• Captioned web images
* * * * * * * * *

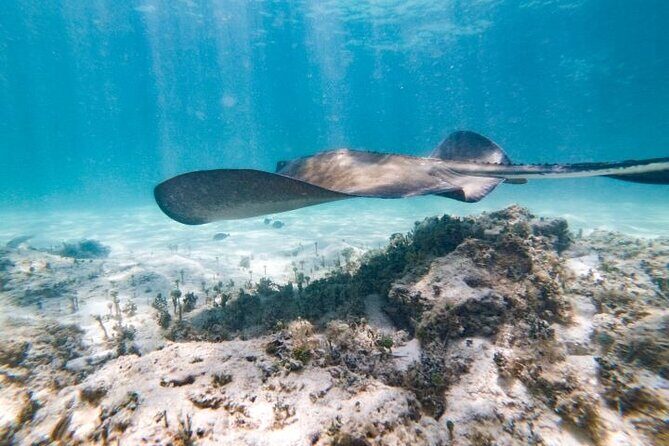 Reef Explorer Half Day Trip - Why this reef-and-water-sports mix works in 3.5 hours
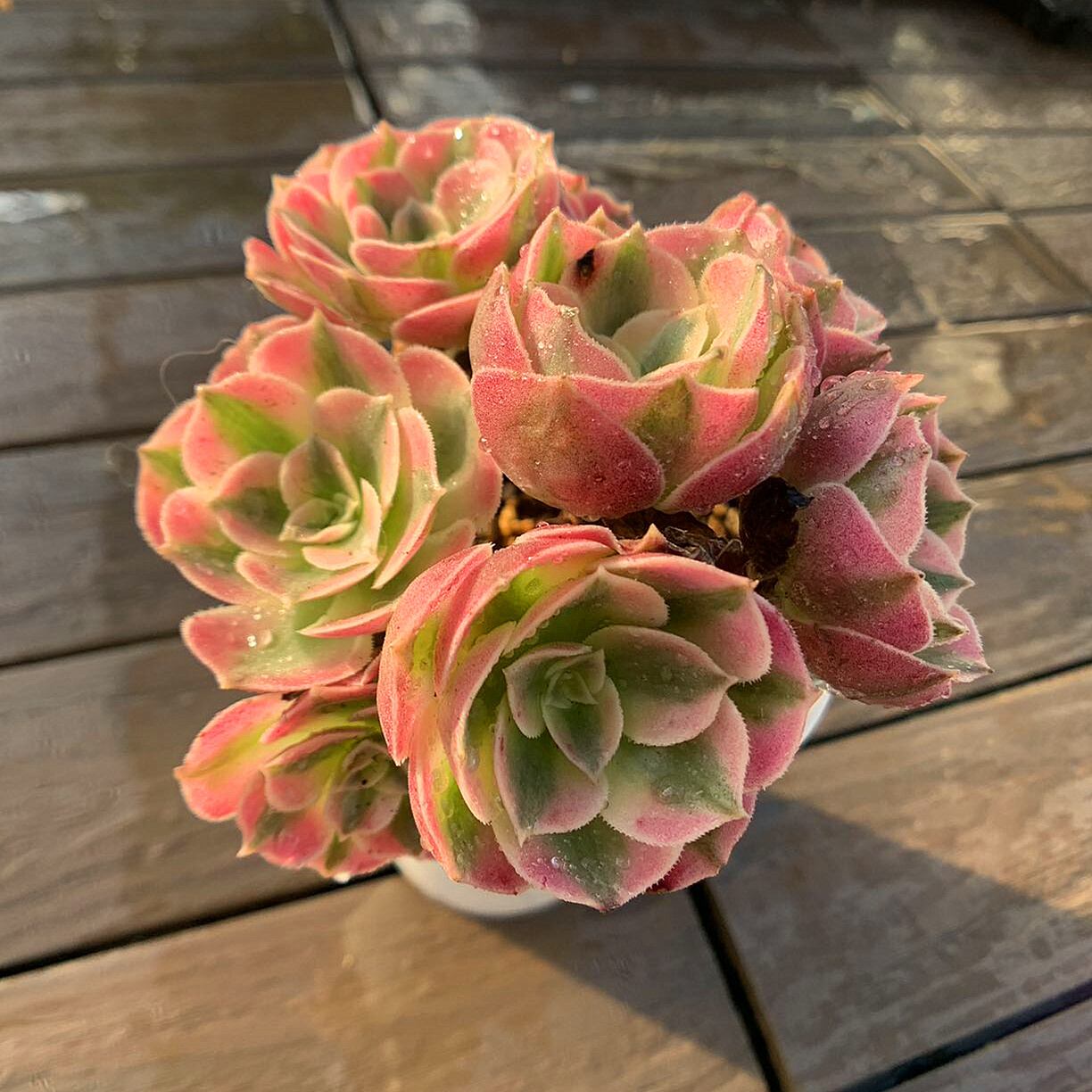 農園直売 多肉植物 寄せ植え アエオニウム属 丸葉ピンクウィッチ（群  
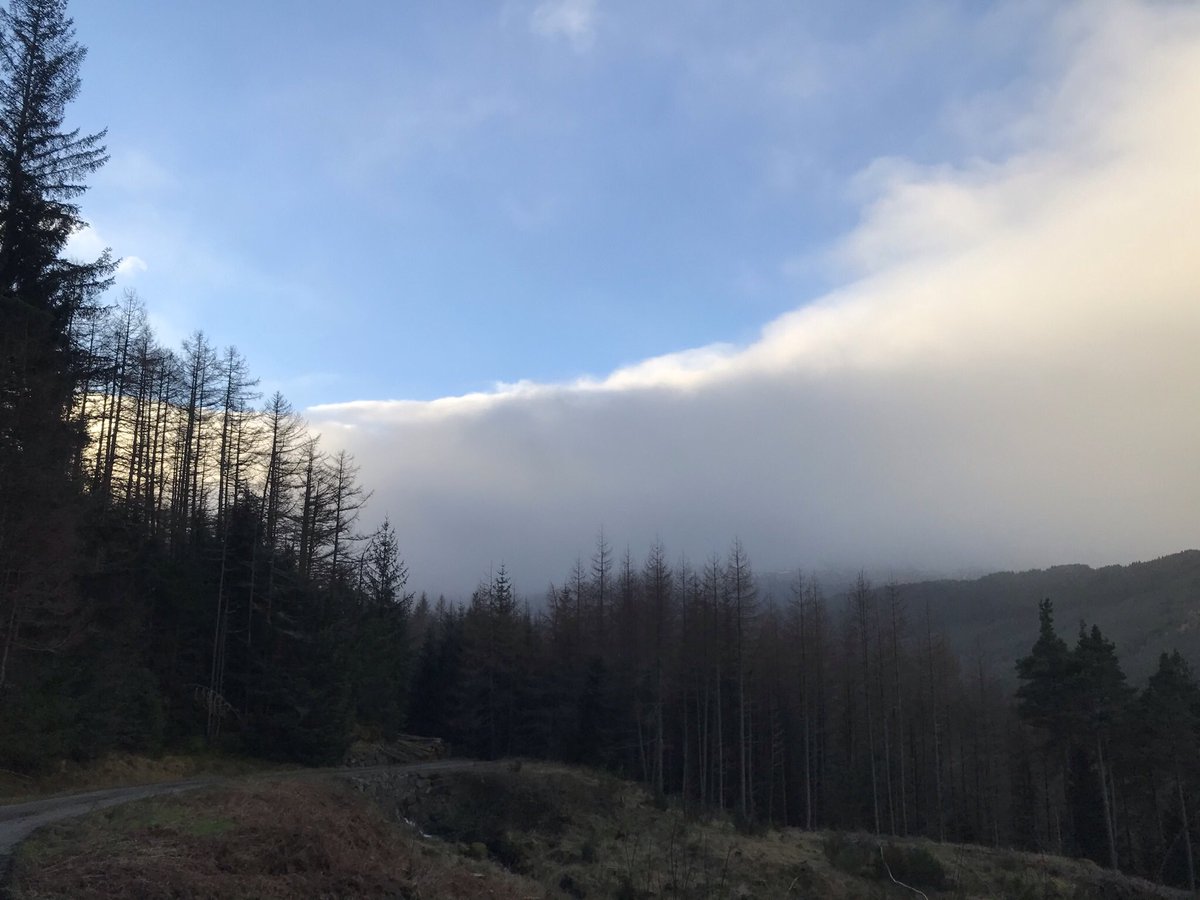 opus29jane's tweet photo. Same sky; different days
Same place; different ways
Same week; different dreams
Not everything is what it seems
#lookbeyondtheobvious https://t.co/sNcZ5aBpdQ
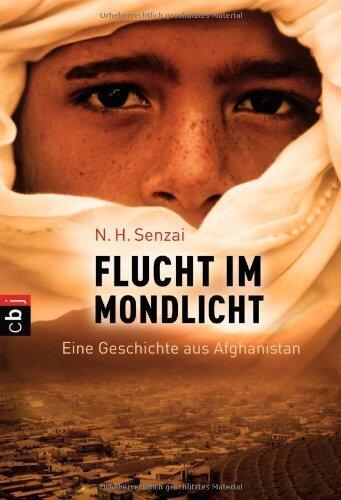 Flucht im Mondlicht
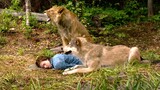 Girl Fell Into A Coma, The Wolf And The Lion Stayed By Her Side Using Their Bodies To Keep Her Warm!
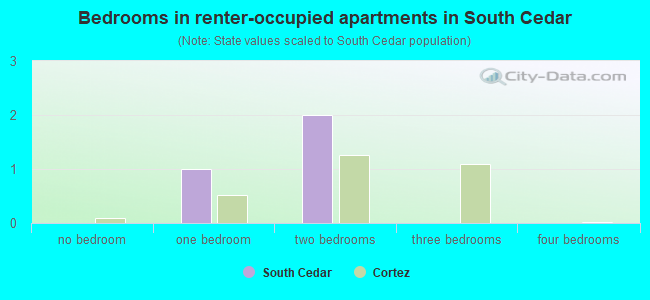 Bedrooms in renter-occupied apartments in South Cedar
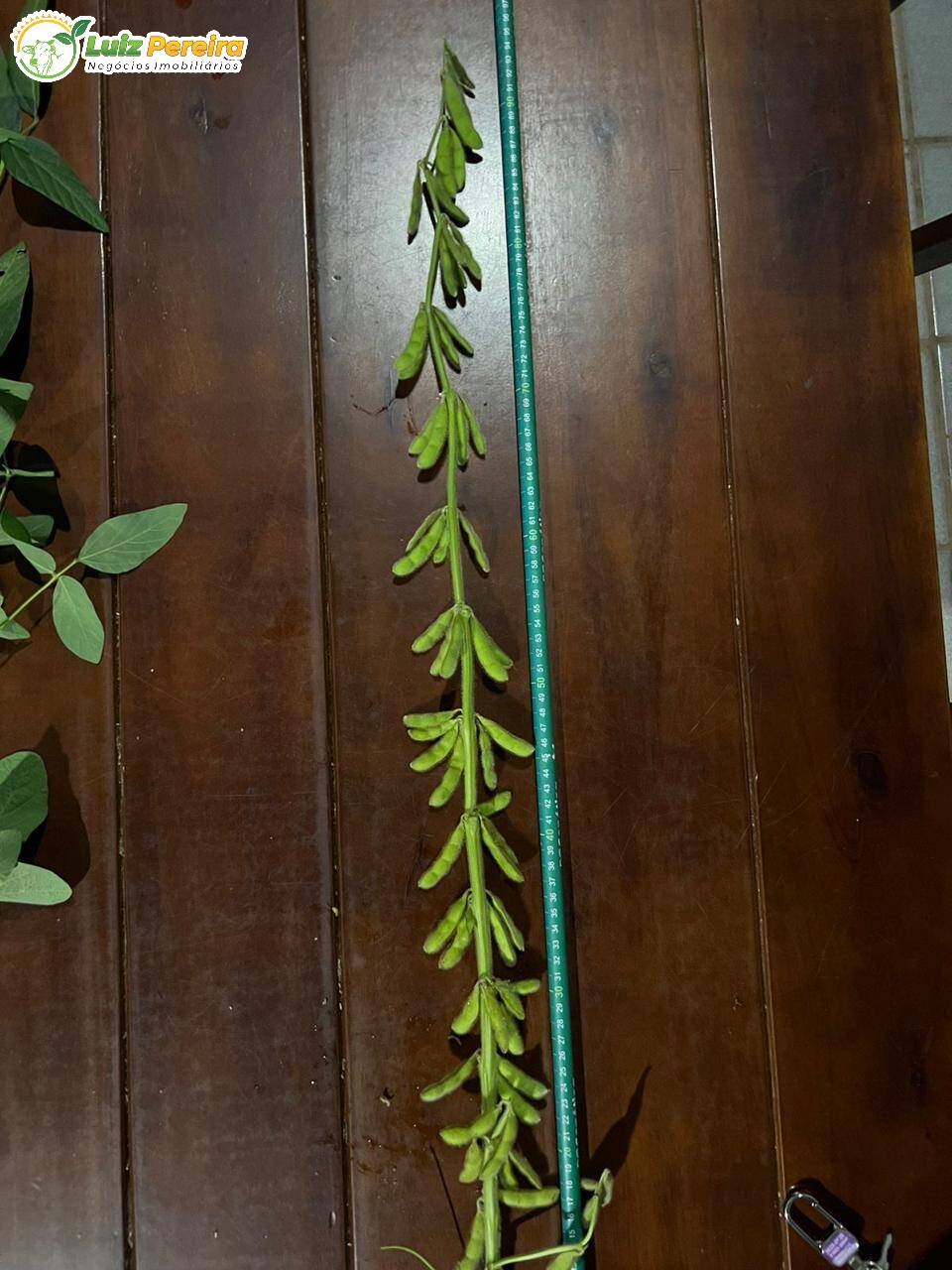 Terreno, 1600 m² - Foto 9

* * * * * * * * *

• TASK TO COMPLETE
Both ends included, copy the lines from the one holding "opus29jane's tweet photo." to the last line of the entries exactly, with all pictures left out.

• OUTPUT FOR THIS TASK
 opus29jane's tweet photo. Same sky; different days
Same place; different ways
Same week; different dreams
Not everything is what it seems
#lookbeyondtheobvious https://t.co/sNcZ5aBpdQ
 Flucht im Mondlicht
 Girl Fell Into A Coma, The Wolf And The Lion Stayed By Her Side Using Their Bodies To Keep Her Warm!
 Bedrooms in renter-occupied apartments in South Cedar
 Terreno, 1600 m² - Foto 9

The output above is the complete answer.